__Available data__.
-----
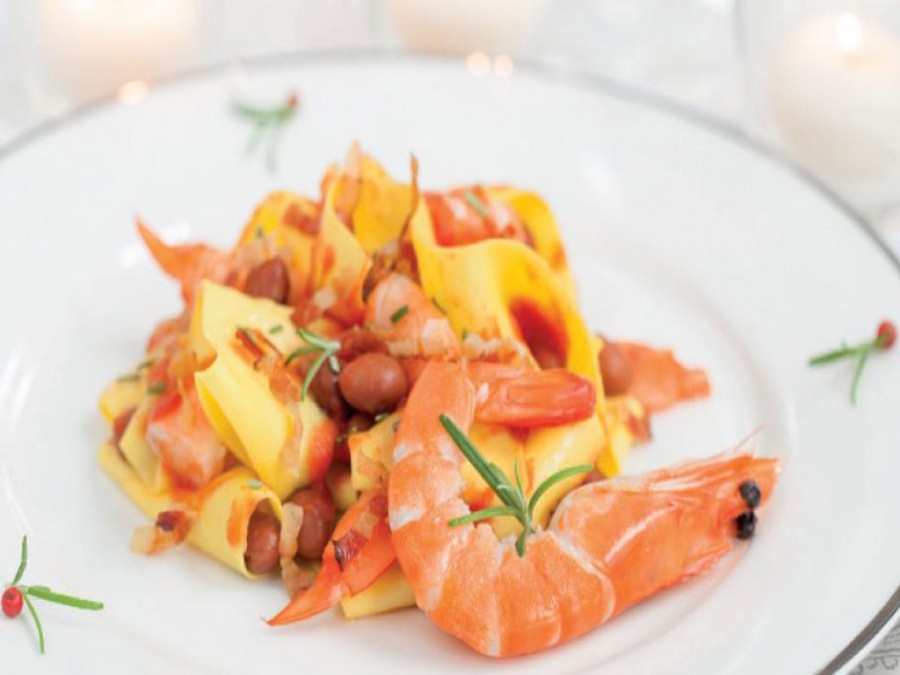 Hotel Elma Park Terme – cibo
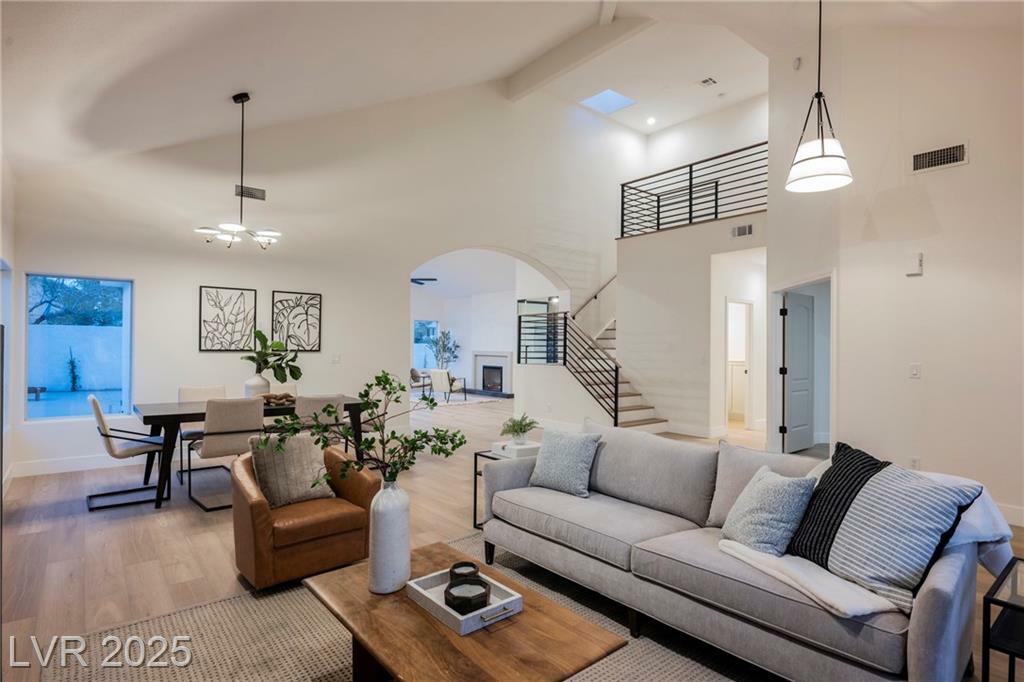 Property Photo: 8140 Bay Harbor Drive NV 89128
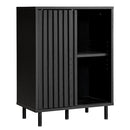 縦格子キャビネット60 ターフェル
-----
__Work required__.
In transcribing the lines above, omit the images and keep all else exact.

__Problem solution__.
 Hotel Elma Park Terme – cibo
 Property Photo: 8140 Bay Harbor Drive NV 89128
 縦格子キャビネット60 ターフェル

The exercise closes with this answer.